Just like the man himself, the food of Tom Aikens has mellowed. From the long gone enfant terrible days of Pied a Terre, to the master of his eponymous restaurant, there is now a greater assurance, a confidence that comes with experience. This means that the menu has stabilized. Whilst there are still exciting combinations and a creative spark, gone are the frenetic days when the set lunch menu changed daily; and whilst seasonal changes are reflected on the carte, established favourites remain. Not that the quest for more stars has diminished. Indeed, one is constantly delighted by the genius and generosity that characterise his style.
Whether choosing from the set lunch menu or the carte, diners can be assured of well sourced ingredients, precision of timing, and fullness of flavour. Combinations of fish and meat are paired without the clashing of tastes and textures. From the amuses- bouches, through the six different types of bread including an excellent bacon brioche, to the pre desserts and petits fours, the attention to detail is meticulous. Nor are luxuries absent from the cheaper options: a set lunch featured scallops, foie gras and Anjou pigeon. Prices are very fair indeed for a rising two Michelin star restaurant: £30 or £65 for three courses on the set lunch and the carte respectively.
An amuse bouche of lobster meat, jelly and lime foam was light and zesty, perfectly serving its purpose of stimulating the palate. A brilliant set menu starter saw a large roasted scallop, its caramelized sweetness perfectly balanced by crisp pickled carrots, flecked with herby nasturtium flowers.
On the carte, plump langoustines were roasted and served in a tempura-style beignet. The braised pig’s cheek and ginger sauce offset the crustacean well, although the dish did not benefit from the pig’s cheek beignet.
Breast of Anjou pigeon, marinated in almond milk, was gently cooked to conserve its tenderness. It was served with confit leg and a fig puree to counter the gaminess of the meat. A beef dish from the carte was outstanding in its conception and execution. The roasted fillet, topped with summer truffles, was perched on a disc of ox tongue and duxelles, and enhanced by cubes of bone marrow. A port and truffle sauce of great intensity added to the uncompromising richness of the dish. The ratte potato, with its nutty texture and buttery flavour, was a perfect vehicle for a mash.

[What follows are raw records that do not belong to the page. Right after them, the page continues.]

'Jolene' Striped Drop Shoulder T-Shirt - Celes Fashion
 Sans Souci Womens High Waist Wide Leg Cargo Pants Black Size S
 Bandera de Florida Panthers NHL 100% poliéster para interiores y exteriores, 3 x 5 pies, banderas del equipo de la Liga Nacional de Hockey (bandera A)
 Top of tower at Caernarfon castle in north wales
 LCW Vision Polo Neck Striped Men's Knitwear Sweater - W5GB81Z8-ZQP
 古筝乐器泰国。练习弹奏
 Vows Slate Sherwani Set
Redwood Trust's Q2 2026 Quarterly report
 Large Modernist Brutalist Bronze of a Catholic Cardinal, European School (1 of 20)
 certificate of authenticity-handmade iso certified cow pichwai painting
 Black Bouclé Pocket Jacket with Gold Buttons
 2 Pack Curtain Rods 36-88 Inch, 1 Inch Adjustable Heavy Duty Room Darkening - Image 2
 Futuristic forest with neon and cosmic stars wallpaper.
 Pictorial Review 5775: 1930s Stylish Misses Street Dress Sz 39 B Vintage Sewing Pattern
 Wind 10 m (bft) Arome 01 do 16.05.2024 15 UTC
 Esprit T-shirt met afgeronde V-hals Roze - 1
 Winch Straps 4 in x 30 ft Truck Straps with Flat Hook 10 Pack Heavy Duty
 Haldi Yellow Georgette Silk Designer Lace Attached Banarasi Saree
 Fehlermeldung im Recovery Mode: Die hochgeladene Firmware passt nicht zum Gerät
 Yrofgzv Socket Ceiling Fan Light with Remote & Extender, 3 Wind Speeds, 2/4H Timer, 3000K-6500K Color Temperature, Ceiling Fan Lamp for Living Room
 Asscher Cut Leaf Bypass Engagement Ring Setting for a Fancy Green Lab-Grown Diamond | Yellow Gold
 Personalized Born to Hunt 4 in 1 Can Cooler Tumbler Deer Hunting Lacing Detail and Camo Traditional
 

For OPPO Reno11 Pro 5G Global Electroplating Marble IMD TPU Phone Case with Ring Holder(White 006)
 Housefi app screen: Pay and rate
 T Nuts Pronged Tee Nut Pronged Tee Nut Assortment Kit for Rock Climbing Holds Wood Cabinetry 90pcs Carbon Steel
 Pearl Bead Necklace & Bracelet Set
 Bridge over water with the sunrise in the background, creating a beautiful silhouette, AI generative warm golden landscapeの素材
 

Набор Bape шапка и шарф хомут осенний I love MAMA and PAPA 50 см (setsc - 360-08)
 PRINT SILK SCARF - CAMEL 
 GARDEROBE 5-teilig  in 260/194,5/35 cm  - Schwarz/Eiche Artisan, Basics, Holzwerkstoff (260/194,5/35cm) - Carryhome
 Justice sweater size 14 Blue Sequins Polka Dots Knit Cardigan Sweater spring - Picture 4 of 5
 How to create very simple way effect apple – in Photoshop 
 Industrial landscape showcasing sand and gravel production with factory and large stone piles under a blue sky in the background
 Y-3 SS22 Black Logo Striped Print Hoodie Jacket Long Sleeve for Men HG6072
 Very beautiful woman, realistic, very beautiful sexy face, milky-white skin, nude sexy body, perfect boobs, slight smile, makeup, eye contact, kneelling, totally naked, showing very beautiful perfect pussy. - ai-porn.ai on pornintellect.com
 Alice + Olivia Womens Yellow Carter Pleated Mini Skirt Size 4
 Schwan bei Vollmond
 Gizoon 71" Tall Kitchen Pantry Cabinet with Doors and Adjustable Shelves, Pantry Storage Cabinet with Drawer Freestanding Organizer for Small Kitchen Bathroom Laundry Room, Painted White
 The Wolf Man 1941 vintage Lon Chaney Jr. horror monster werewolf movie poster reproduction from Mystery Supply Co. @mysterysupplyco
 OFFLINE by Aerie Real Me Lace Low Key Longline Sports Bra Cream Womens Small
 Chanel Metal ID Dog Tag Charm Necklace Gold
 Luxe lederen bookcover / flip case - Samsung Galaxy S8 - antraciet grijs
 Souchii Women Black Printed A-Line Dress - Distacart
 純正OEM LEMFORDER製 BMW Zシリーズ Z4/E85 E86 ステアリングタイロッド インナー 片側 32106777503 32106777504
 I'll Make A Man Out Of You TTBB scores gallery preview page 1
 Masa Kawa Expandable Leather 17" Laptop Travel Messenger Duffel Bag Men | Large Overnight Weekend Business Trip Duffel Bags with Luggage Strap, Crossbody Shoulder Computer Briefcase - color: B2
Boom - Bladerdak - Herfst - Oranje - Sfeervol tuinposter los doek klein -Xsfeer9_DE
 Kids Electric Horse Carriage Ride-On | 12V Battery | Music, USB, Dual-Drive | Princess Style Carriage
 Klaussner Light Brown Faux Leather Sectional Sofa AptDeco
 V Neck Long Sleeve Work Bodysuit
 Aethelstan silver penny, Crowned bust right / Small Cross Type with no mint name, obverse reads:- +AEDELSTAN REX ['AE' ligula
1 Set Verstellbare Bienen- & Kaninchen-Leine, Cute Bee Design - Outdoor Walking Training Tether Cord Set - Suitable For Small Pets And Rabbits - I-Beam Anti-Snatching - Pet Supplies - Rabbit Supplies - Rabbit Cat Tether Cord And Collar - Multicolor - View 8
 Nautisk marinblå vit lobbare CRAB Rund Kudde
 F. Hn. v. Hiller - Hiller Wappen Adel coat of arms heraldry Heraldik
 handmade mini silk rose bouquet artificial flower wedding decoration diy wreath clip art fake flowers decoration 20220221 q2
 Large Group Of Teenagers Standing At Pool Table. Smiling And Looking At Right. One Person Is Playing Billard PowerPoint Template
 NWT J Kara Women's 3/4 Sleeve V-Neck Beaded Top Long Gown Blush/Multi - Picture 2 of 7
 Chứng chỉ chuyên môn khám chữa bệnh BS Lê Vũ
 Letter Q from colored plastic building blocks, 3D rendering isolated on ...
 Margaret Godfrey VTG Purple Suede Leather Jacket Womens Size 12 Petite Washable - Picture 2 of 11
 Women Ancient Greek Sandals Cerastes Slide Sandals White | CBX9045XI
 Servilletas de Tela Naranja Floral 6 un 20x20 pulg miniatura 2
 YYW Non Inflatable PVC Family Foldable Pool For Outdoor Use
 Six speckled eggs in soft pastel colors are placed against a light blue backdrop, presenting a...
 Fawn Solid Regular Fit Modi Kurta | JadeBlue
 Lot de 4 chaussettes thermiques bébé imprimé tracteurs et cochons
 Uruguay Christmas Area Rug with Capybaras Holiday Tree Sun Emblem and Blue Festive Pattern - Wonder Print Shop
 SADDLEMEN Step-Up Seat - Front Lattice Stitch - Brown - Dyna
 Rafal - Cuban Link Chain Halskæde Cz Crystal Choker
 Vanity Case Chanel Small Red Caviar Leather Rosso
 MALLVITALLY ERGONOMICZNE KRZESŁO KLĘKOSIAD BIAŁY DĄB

Desserts reach the same stellar levels. A trio of panacotta, ice cream and mousse revealed exemplary consistency in all three elements. The black truffle in the panacotta and ice cream exuded a heady fragrance which complimented the white chocolate elements in the dish. Poached strawberries with pannacotta, vanilla ice cream and mint syrup from the set menu proved a most refreshing summer dessert.
Special mention should be made of the petits fours, surely the best in the country. Whist other top restaurants have taken short cuts, Tom Aikens has extended the boundaries. A tray of fruit compotes, flavoured sugared tuiles, warm madeleines, truffles, and “tasting” spoons is presented with justifiable pride. This would be a good reason to opt for cheese instead of dessert, allowing the petits fours to add the sweet note. Surely they are a loss leader at £5, including coffee?!
Service is highly professional, being well informed, helpful and unobtrusive. The sommelier Gearoid Devaney is happy to suggest matching wines for each course without breaking the bank. Of particular note was the unusual Ice cider Leduc- Piedimonte 2006 which enhanced the poached strawberries.
Food of this accomplishment is well served by the sophisticated elegance of the restaurant itself. Generously proportioned round tables are well spaced in a room of white and black minimalist lines. Spotlighting is supplemented by table lamps perched above the bamboo window screens. Set in a quiet residential Chelsea street, hard to find for newcomers, the modest entrance belies the grandeur of the cooking within. Overall, the chef patron goes from strength to strength, having achieved numerous accolades, and definitely worthy of at least two Michelin stars. One feels it is only a matter of time before this and more is achieved.